Cold Formalism or Unconventional Ways

"... no man putteth new wine into old bottles; else the new wine will burst the bottles, and be spilled, and the bottles shall perish. But new wine must be put into new bottles, and both are preserved." Luke 5:37-38

    The bottles referred to here were actually containers made from the hides of animals. When these wineskins were new, they were pliable and somewhat elastic. But when they became old, they were stiff and inflexible. If new wine was placed in old skins, the fermenting action of the wine would build up too much pressure for the old wineskins to accommodate, and they would burst.

    Here in Luke 5, Jesus uses this to illustrate the clash between Judaism and Christianity. He is saying that "the outmoded forms, ordinances, traditions and rituals of Judaism were too rigid to hold the joy, the exuberance and the energy of the new dispensation."

    This chapter contains dramatic illustrations. In verses 18-21, we see four men tearing up the roof of a house in order to bring a paralyzed man to Jesus for healing. Their innovative, unconventional method is an illustration of the new wine. In verse 21, the scribes and Pharisees begin to find fault with Jesus; they are the old wineskins. Again, in verses 27-29 we have Levi's enthusiastic response to Christ's call, and the banquet he held to introduce his friends to Jesus. That is the new wine. In verse 30, the scribes and Pharisees grumble again. They are the old wine-skins.

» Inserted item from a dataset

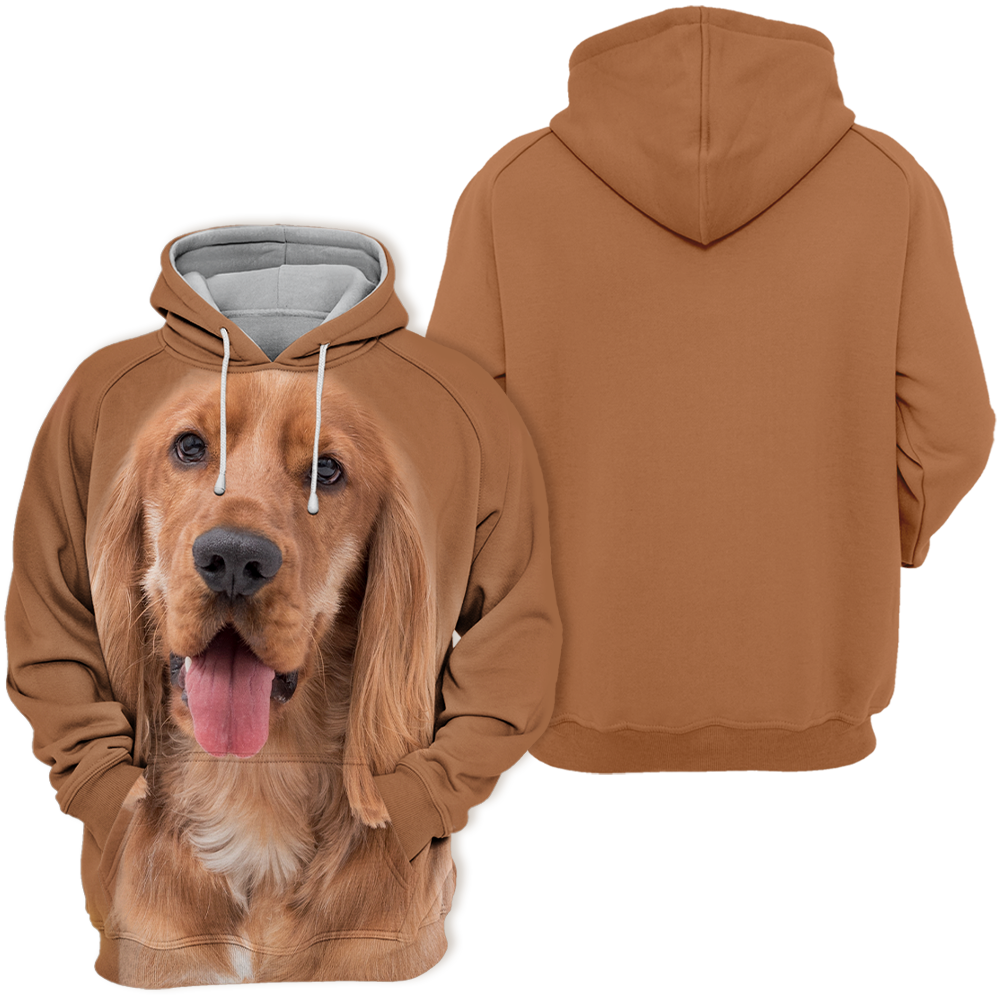 Unisex 3D Graphic Hoodies Animals Dogs Cocker Spaniel Happy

    We see this in all of life. People get set in traditional ways of doing things and find it hard to adjust to change. The housewife has her own way of doing the dishes and finds it irritating to see someone else fumbling around in her sink. The husband has his own ideas as to how a car should be driven, and nearly loses his senses when wife or children drive.

    But the great lesson for all of us is in the spiritual realm. We should be flexible enough to allow for the joy, the effervescence, the enthusiasm of the Christian faith, even if it comes in unconventional ways. We neither want nor need the stodginess and cold formalism of the Pharisees, who sat on the sidelines criticizing when God was working.